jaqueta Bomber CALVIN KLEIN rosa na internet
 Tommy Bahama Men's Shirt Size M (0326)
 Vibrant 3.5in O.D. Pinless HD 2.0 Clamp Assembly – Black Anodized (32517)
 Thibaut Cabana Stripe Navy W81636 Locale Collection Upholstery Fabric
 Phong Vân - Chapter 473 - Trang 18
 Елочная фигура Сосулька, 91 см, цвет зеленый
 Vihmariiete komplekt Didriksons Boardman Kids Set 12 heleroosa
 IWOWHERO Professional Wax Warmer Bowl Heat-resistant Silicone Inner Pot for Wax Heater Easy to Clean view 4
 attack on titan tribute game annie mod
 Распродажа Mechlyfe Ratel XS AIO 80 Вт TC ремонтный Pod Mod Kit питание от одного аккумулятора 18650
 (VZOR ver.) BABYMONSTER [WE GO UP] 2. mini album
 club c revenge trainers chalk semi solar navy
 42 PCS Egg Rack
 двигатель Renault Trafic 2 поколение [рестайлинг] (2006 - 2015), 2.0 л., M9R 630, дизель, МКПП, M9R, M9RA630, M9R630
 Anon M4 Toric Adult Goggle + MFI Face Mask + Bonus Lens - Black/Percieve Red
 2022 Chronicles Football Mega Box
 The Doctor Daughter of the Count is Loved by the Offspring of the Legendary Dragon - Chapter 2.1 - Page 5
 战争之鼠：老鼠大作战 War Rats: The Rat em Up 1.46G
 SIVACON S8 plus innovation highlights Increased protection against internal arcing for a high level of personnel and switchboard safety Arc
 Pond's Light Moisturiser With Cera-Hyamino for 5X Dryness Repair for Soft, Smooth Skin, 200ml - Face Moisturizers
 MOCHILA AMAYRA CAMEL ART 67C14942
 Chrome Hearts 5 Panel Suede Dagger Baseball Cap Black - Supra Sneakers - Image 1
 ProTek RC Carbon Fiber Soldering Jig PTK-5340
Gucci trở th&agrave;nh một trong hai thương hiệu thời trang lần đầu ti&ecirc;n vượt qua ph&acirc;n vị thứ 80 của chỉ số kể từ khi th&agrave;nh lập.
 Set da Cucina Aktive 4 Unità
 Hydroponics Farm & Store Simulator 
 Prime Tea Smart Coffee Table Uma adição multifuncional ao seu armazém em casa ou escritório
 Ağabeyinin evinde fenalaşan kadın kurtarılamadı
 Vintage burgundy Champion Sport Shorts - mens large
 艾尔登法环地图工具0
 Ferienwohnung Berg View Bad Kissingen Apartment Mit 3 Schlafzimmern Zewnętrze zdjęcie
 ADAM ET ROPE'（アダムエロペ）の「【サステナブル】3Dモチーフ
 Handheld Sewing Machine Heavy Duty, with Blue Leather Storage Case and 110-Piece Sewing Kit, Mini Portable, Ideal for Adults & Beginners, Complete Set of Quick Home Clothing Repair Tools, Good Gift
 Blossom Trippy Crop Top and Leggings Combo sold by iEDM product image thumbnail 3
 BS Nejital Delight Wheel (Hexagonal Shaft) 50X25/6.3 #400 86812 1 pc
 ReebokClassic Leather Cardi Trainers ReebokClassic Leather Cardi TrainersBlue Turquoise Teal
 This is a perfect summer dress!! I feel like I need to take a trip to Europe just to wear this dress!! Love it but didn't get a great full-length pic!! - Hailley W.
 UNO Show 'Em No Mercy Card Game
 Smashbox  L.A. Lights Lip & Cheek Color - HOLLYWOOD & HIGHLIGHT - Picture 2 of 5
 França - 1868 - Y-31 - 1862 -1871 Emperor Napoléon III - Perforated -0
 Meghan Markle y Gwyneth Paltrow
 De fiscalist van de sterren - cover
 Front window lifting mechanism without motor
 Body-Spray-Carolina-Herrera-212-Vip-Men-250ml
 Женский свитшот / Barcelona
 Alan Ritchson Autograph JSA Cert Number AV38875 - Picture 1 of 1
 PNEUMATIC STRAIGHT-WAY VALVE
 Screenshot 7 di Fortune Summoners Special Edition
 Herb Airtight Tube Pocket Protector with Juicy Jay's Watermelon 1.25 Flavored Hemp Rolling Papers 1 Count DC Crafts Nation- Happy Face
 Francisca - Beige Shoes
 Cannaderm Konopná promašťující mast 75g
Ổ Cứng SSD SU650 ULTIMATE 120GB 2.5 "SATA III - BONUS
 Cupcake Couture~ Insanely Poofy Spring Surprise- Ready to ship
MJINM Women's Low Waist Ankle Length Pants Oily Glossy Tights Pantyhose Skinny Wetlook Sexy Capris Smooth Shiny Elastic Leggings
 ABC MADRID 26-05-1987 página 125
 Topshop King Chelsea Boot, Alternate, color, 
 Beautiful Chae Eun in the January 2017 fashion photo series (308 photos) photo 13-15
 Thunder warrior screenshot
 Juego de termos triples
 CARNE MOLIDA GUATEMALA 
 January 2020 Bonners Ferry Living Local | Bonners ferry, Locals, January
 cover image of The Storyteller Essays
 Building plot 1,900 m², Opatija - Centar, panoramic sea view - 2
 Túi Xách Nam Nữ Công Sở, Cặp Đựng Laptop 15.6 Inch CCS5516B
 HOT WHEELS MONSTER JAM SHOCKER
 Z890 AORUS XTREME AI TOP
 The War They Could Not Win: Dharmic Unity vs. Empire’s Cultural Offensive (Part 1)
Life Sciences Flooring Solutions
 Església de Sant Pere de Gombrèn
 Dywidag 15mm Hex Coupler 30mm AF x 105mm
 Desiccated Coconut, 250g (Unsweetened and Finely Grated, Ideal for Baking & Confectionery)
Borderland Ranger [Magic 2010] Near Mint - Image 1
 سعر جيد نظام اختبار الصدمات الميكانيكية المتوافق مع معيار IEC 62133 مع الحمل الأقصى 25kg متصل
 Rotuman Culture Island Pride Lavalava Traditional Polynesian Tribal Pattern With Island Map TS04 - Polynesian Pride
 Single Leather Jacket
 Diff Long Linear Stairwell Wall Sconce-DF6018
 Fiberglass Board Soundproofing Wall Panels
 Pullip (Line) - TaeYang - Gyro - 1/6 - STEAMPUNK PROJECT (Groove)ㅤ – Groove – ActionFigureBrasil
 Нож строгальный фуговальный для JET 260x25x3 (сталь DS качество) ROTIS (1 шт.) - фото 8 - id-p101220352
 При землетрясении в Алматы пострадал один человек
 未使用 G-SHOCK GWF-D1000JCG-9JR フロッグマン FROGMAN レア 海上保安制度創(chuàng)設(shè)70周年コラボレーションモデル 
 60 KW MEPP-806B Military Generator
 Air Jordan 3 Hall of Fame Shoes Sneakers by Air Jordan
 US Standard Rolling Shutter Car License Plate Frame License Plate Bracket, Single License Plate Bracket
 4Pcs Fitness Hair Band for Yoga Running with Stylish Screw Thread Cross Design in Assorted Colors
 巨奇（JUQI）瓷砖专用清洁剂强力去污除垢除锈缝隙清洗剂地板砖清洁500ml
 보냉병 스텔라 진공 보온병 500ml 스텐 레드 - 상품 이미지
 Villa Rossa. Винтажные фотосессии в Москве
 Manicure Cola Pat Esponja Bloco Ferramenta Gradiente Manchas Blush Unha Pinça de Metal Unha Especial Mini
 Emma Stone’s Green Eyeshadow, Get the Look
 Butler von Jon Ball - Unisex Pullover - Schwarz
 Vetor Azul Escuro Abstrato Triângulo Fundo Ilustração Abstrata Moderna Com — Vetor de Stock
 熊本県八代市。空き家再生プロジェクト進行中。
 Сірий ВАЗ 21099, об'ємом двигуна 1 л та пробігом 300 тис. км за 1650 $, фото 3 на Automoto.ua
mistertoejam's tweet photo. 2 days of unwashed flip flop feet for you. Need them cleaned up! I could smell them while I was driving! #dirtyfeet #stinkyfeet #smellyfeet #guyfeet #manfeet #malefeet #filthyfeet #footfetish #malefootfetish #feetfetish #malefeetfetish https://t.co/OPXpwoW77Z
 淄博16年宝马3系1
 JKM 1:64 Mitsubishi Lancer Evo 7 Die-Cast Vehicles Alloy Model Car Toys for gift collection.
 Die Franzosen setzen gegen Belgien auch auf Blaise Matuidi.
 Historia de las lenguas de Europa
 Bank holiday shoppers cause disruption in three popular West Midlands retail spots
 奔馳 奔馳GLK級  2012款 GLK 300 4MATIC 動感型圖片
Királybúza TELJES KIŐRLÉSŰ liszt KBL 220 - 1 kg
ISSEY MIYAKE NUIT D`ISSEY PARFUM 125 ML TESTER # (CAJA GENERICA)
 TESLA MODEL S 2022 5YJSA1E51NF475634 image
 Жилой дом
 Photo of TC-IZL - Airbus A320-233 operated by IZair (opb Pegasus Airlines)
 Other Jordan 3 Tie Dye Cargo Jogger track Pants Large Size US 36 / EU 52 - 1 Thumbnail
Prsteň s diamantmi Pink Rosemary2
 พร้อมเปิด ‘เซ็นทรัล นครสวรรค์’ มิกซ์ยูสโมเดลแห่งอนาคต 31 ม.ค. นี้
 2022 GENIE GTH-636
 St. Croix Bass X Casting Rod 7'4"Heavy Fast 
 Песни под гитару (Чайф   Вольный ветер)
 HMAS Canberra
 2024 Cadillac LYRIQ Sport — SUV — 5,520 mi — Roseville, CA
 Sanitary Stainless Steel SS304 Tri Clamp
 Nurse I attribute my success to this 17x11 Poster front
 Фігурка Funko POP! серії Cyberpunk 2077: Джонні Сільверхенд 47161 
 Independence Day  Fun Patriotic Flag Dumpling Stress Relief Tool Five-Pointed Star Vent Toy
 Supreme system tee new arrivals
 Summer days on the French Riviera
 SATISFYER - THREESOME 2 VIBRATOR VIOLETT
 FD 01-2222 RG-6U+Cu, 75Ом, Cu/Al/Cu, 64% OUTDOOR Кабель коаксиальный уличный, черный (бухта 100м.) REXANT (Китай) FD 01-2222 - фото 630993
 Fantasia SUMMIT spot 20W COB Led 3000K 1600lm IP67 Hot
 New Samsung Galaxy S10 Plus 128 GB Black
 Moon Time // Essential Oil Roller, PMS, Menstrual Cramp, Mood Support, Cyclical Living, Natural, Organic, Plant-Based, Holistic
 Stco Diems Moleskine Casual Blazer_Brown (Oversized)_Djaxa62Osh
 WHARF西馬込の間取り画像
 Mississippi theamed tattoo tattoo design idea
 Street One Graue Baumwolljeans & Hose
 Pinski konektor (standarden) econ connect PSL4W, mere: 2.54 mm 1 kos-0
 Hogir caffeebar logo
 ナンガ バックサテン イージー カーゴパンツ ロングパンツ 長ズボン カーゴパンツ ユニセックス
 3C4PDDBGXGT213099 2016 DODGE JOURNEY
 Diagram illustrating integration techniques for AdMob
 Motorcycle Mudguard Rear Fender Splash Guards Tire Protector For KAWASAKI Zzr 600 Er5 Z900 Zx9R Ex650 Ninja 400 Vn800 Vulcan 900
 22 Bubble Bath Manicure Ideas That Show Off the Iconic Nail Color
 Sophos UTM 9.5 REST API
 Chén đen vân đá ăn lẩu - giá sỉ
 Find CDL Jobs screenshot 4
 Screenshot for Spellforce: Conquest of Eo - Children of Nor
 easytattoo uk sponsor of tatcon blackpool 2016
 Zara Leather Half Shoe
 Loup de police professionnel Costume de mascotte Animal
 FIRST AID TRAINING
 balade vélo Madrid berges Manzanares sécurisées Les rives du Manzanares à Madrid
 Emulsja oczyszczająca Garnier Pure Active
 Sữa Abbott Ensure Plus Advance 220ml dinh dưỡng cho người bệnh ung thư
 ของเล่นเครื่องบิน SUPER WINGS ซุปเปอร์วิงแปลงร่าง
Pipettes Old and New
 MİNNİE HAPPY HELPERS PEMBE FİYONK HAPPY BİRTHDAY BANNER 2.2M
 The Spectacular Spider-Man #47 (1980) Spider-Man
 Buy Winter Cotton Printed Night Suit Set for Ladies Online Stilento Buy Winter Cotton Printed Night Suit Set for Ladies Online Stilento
_ _ _ _
Assigned task
Only one stretch of the records above is wanted: the lines between the one holding "Nurse I attribute" and the one holding "Hogir caffeebar logo", inclusive, reproduced exactly.

Answer to this task
 Nurse I attribute my success to this 17x11 Poster front
 Фігурка Funko POP! серії Cyberpunk 2077: Джонні Сільверхенд 47161 
 Independence Day  Fun Patriotic Flag Dumpling Stress Relief Tool Five-Pointed Star Vent Toy
 Supreme system tee new arrivals
 Summer days on the French Riviera
 SATISFYER - THREESOME 2 VIBRATOR VIOLETT
 FD 01-2222 RG-6U+Cu, 75Ом, Cu/Al/Cu, 64% OUTDOOR Кабель коаксиальный уличный, черный (бухта 100м.) REXANT (Китай) FD 01-2222 - фото 630993
 Fantasia SUMMIT spot 20W COB Led 3000K 1600lm IP67 Hot
 New Samsung Galaxy S10 Plus 128 GB Black
 Moon Time // Essential Oil Roller, PMS, Menstrual Cramp, Mood Support, Cyclical Living, Natural, Organic, Plant-Based, Holistic
 Stco Diems Moleskine Casual Blazer_Brown (Oversized)_Djaxa62Osh
 WHARF西馬込の間取り画像
 Mississippi theamed tattoo tattoo design idea
 Street One Graue Baumwolljeans & Hose
 Pinski konektor (standarden) econ connect PSL4W, mere: 2.54 mm 1 kos-0
 Hogir caffeebar logo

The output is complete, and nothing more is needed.